Conjugated Small Molecule for Efficient Hole Transport in High-Performance p-i-n Type Perovskite Solar Cells
Tao Wang, Dan Liu, Liyan Yang, Jinghai Li, Yu Yan, Feilong Cai, Andrew J. Pearson
The π-conjugated organic small molecule 4,4′-cyclohexylidenebis[N,N-bis(4-methylphenyl) benzenamine] (TAPC) has been explored as an efficient hole transport material to replace poly(3,4-ethylenedio-xythiophene):poly(styrenesulfonate) (PEDOT:PSS) in the preparation of p-i-n type CH3NH3PbI3 perovskite solar cells. Smooth, uniform, and hydrophobic TAPC hole transport layers can be facilely deposited through solution casting without the need for any dopants.

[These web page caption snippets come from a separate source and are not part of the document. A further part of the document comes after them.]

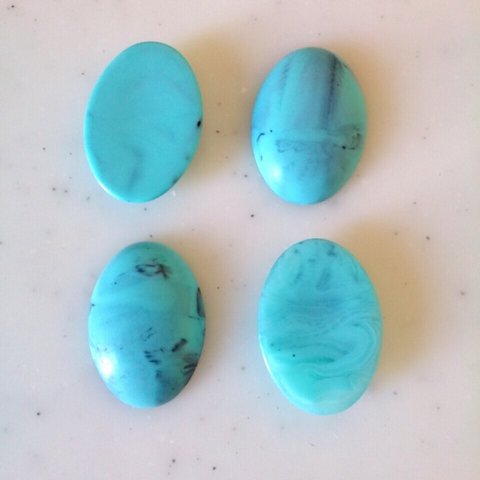 Vintage Turquoise Marble Oval Cabochons 《295》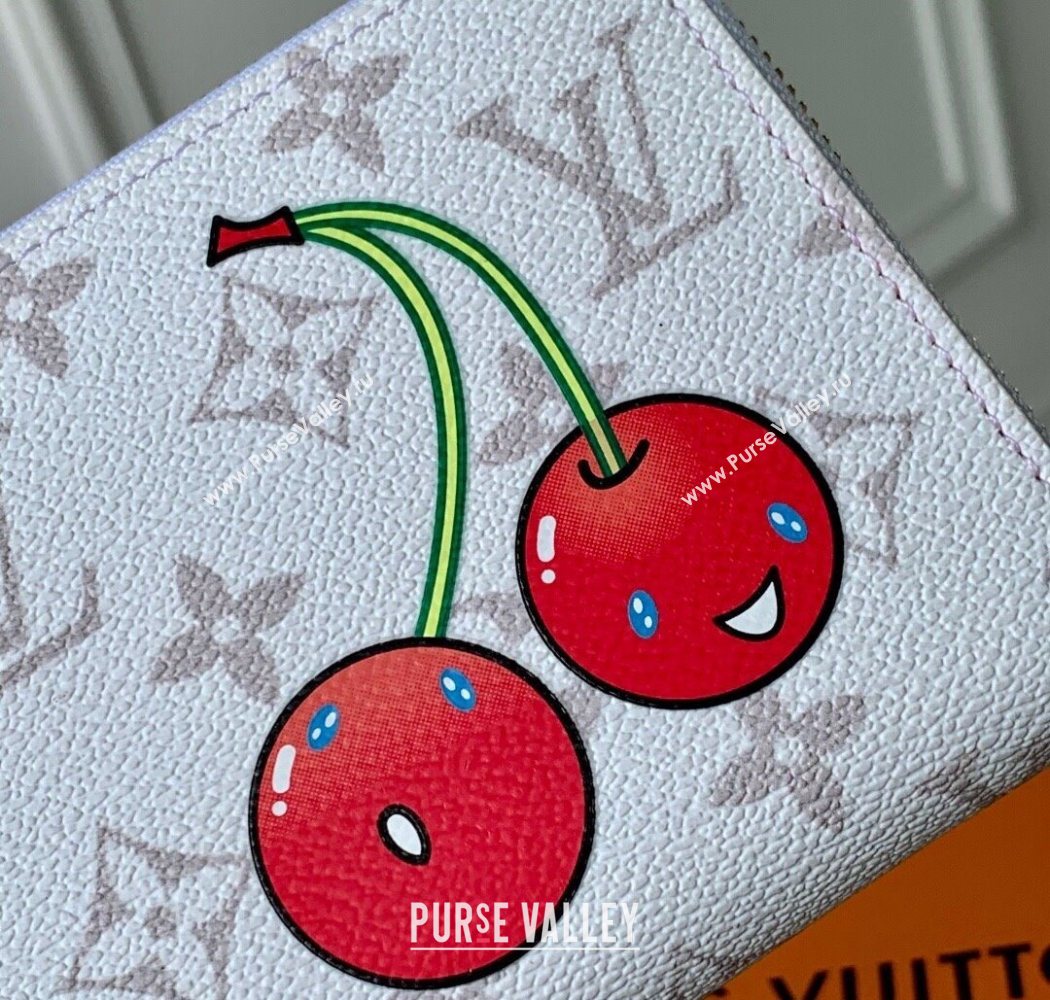 Louis Vuitton LV x TM Zippy Wallet in Cherry Monogram Canvas M14240 White 2025 (KI-250702004)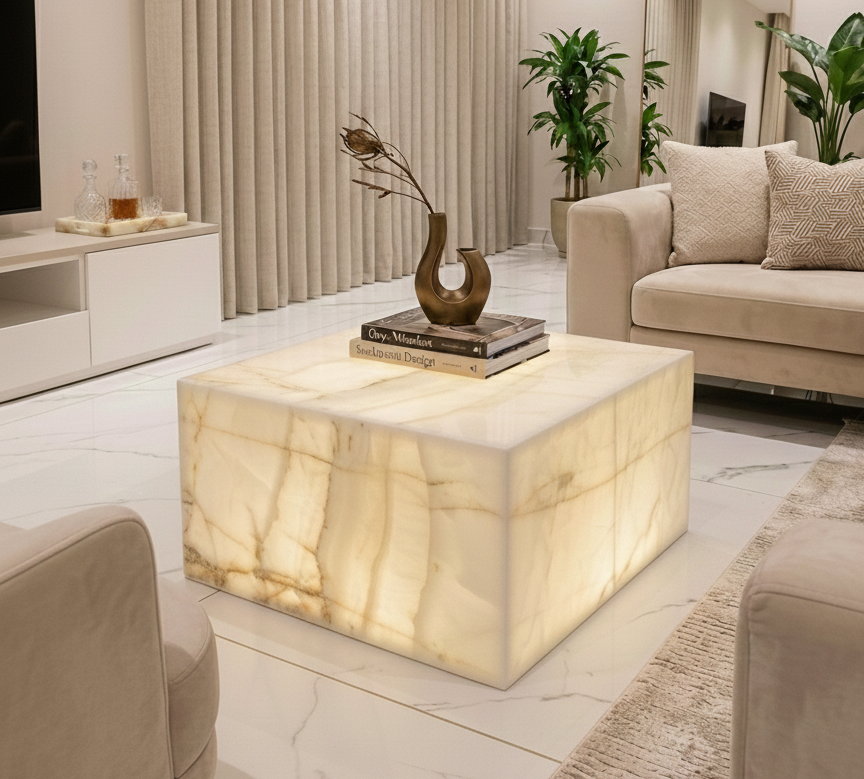 60x60 cm Mermer Orta Sehpa, Yerden Yüksekliği 40 cm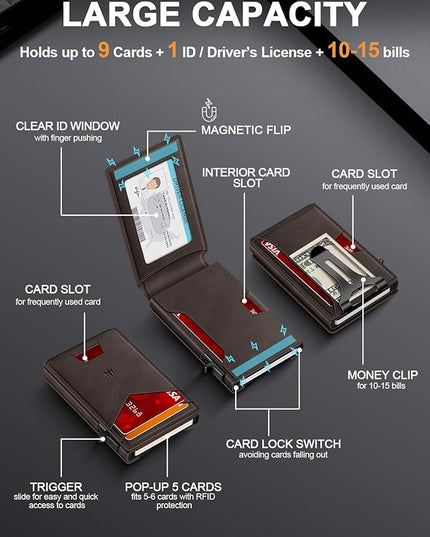 Ruiici Wallet for Men, Slim Minimalist Wallet with Money Clip＆ID Window, RFID Blocking Pop-Up Credit Card Holder, Smart Auminum Mens Wallet Holds 9-13 Cards (Gift Box) (Coffee Brown)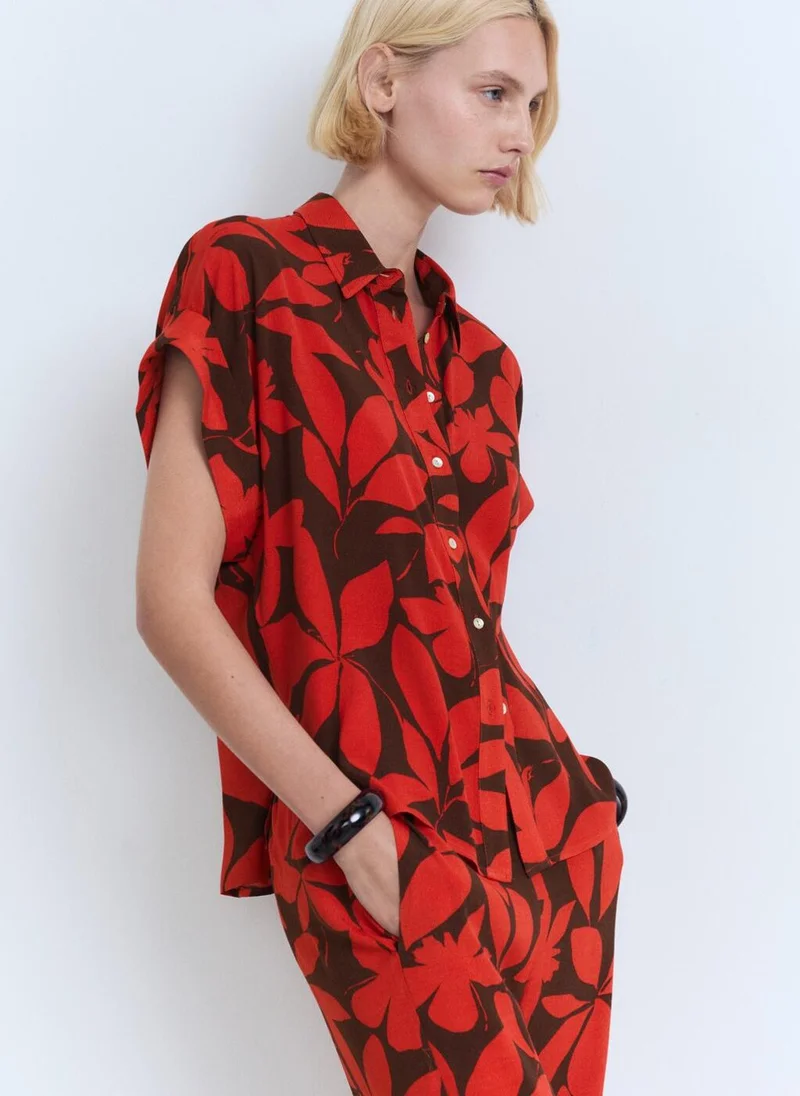 مانجو Printed Short-Sleeved Shirt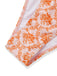 Set Tankini Arancione Anni '70 Floreale con Scollo a V Profondo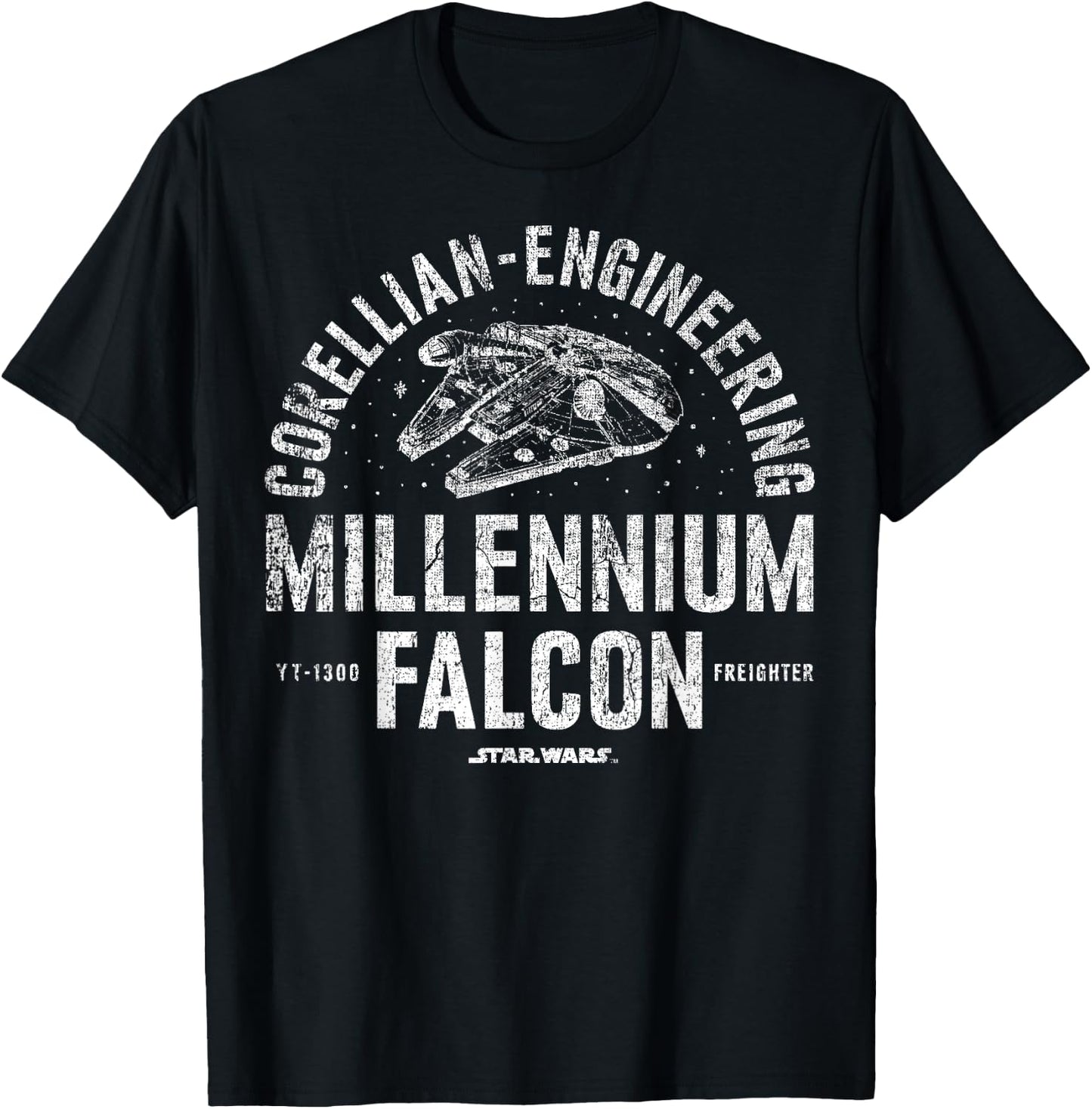 Star Wars Millennium Falcon Corellian Engineering Freighter T-Shirt - T-Shirt | Black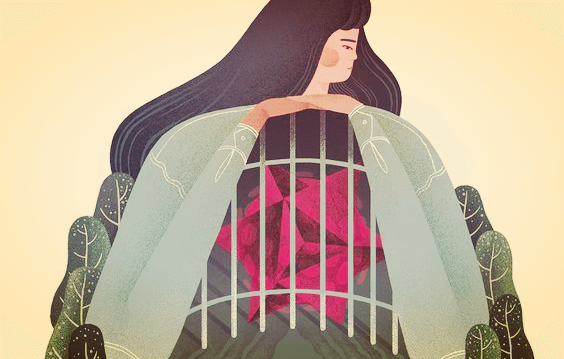 mujer con el corazón en una jaula sufriendo los efectos del facilismo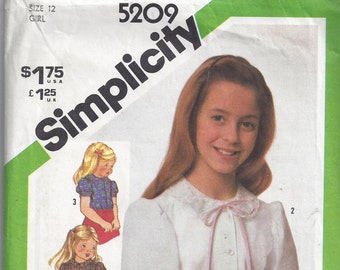 Simplicity 5209 Pattern for Girl's Blouse in 4 Styles, Size 12, From 1981, Long or Short Puff Sleeves, Vintage Pattern, Home Sewing Pattern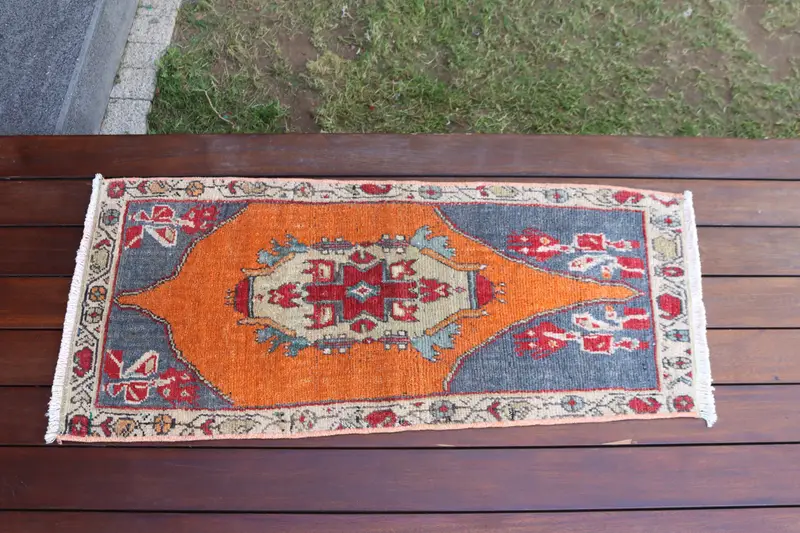 Vintage Türk Halısı, 1.4x3.2 ft Büyük Boy Halı, Turuncu Oushak Soyut Halı - 1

The power conversion efficiency of perovskite solar cells shows very weak TAPC layer thickness dependence across the range from 5 to 90 nm. Thermal annealing enables improved hole conductivity and efficient charge transport through an increase in TAPC crystallinity. The perovskite photoactive layer cast onto thermally annealed TAPC displays large grains and low residual PbI2, leading to a high charge recombination resistance. After optimization, a stabilized power conversion efficiency of 18.80% is achieved with marginal hysteresis, much higher than the value of 12.90% achieved using PEDOT:PSS. The TAPC-based devices also demonstrate superior stability compared with the PEDOT:PSS-based devices when stored in ambient circumstances, with a relatively high humidity ranging from 50 to 85%. Conjugated molecule 4,4′-cyclohexylidenebis[N,N-bis(4-methylphenyl) benzenamine] (TAPC) has been explored to replace poly(3,4-ethylenedio-xythiophene):poly(styrenesulfonate) in perovskite solar cells. The CH3NH3PbI3 solar cells are hysteresis-free, with marginal dependence on the thickness of TAPC, and achieve a power conversion efficiency of 18.8 over 12.9% as a result of increased Jsc, Voc, and fill factor.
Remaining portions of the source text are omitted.